Così, se le minacce di guerra commerciale attraverso l’imposizione di tariffe e di limitazioni alle importazioni conquistano subito l’attenzione prioritaria dei media, il confronto sulle tecnologie in questi ultimi anni si è fatto durissimo. Il 1 dicembre del 2018 in Canada viene arrestata, su mandato statunitense, Meng Wanzhou, figlia del fondatore di Huawei.
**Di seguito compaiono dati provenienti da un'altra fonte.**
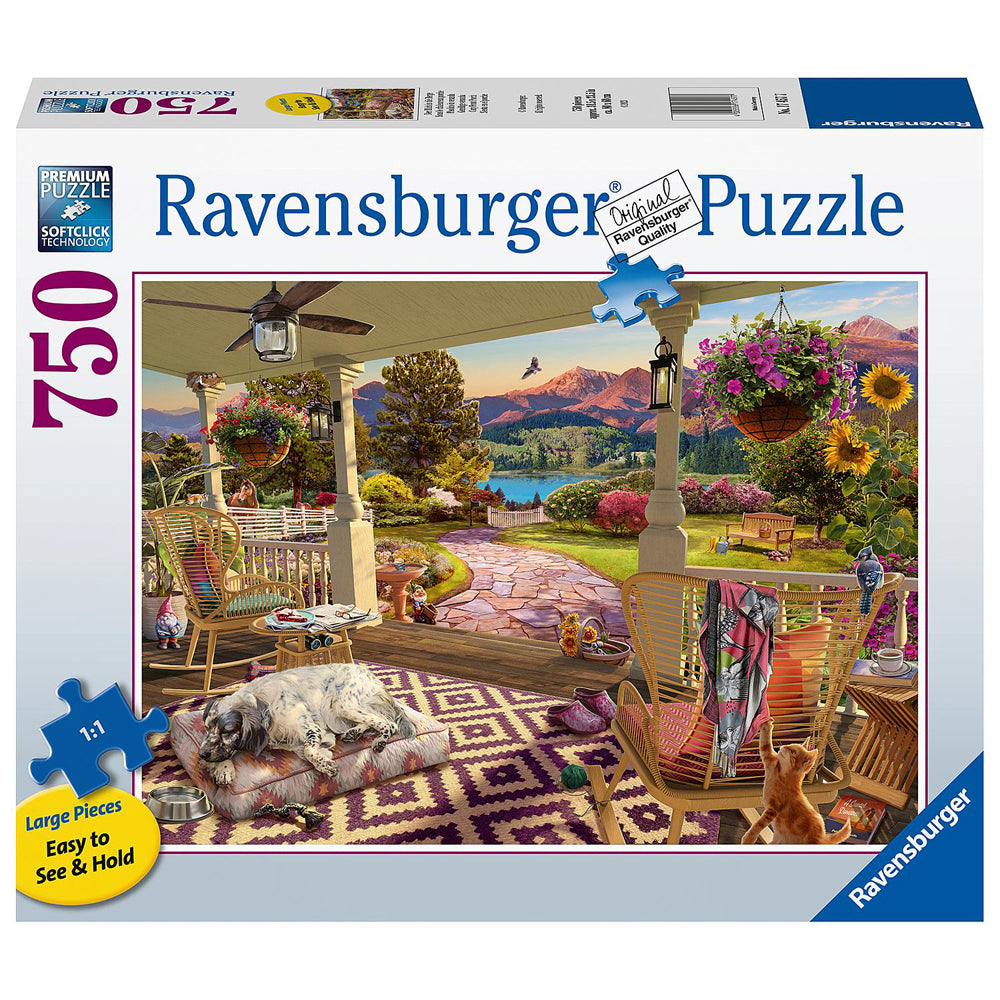 Ravensburger Cozy Front Porch Family Jigsaw Themed Puzzle Play Toy (750 Pieces)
Pochi mesi dopo l’amministrazione statunitense innalza ulteriormente il livello dello scontro licenziando un ordine esecutivo, l’“Executive Order on Securing the Information and Communications Technology and Service Supply Chain” in cui si dice esplicitamente che mettere in sicurezza la propria filiera significa interrompere quella dell’avversario, dimostrando che le arterie vitali del sistema industriale di un paese “rivale” possono essere aggredite per ragioni politiche. L’embargo di Trump per bloccare la vendita di componenti statunitensi a Huawei costringerà Google, Qualcomm e Broadcom a congelare le proprie forniture e rafforzerà la convinzione cinese della necessità di arrivare alla ricostruzione delle proprie supply chain all’interno di un perimetro politicamente sicuro. D’altronde già l’umiliazione subita l’anno precedente con la vicenda di Zte, l’azienda cinese accusata di trasferire tecnologia di origine statunitense attraverso la vendita di smartphone alla Corea del Nord, aveva fatto suonare più di un campanello d’allarme a Pechino. Xi Jinping si era trovato costretto a dover intercedere presso Trump per non far fallire un’azienda con oltre 75 mila dipendenti.
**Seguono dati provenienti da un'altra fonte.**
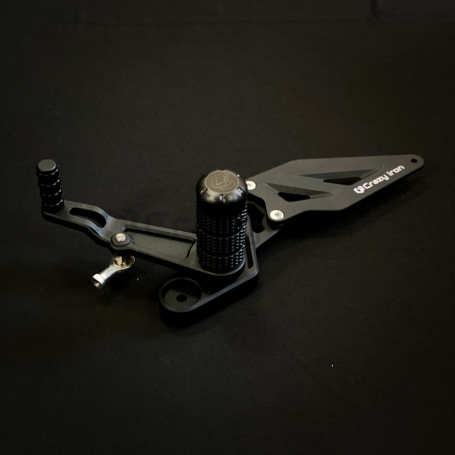 CRAZY IRON Rearset STUNT YAMAHA MT-07, FZ-07, XSR700 `14-`21, black anode (фото 10, фотография 10)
Per chiudere alcune, brevissime, considerazioni. Viviamo in una fase di transizione i cui esiti sono tutt’altro che scontati. Il vecchio ordine mondiale, con la sua bilancia di potenze, non riesce più ad imporsi come l’unico ordine possibile, ma in questo interregno non sembra profilarsene un altro in grado di prenderne saldamente il posto. Ciò che è chiaro è che la globalizzazione non è in crisi perché Trump o Xi Jinping stanno alterando le regole del gioco, ma perché la nuova fase della rivoluzione industriale produce discontinuità nella produzione e distribuzione del valore. E questo impone, e sempre di più imporrà, nuove forme di conflitto economico, geopolitico e militare. Questo potrebbe, e sottolineiamo potrebbe, aprire improvvisamente finestre di possibilità per progetti di trasformazione sociale che adesso sembrano assolutamente impraticabili, ma la storia non procede in maniera lineare e progressiva,va avanti tortuosamente e per salti. Rallenta, per poi accelerare. E questa è una fase in cui tutto corre e in cui, nel caso, bisognerà farsi trovare pronti perché, come scrisse in altri tempi Ernst Bloch: l’epoca è in putrefazione, ma al tempo stesso ha le doglie.